MATERIAL SUPPLIED:
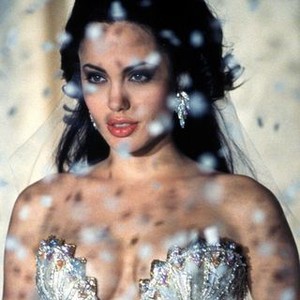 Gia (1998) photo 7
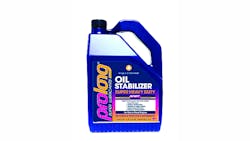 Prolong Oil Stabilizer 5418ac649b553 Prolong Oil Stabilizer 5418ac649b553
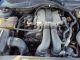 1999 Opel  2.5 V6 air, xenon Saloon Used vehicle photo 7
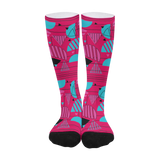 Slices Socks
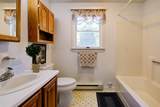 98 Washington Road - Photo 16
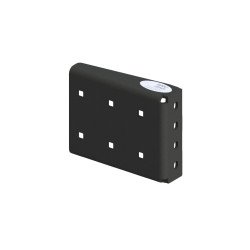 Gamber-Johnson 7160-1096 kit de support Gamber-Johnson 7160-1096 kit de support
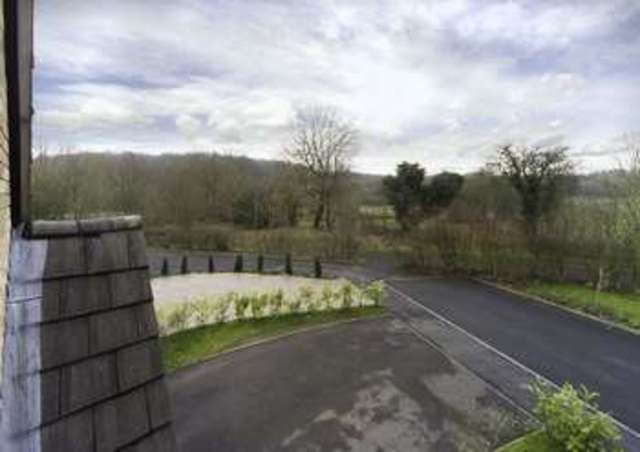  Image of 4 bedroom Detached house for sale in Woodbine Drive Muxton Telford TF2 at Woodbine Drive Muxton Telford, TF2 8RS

EXERCISE DESCRIPTION: If a picture sits between the line containing "Prolong Oil Stabilizer 5418ac649b553 Prolong" and the line containing "98 Washington Road - Photo 16", leave it out, and return the lines of that range above exactly, both ends included.

TASK SOLUTION:
 Prolong Oil Stabilizer 5418ac649b553 Prolong Oil Stabilizer 5418ac649b553
 1999 Opel  2.5 V6 air, xenon Saloon Used vehicle photo 7
 Slices Socks
 98 Washington Road - Photo 16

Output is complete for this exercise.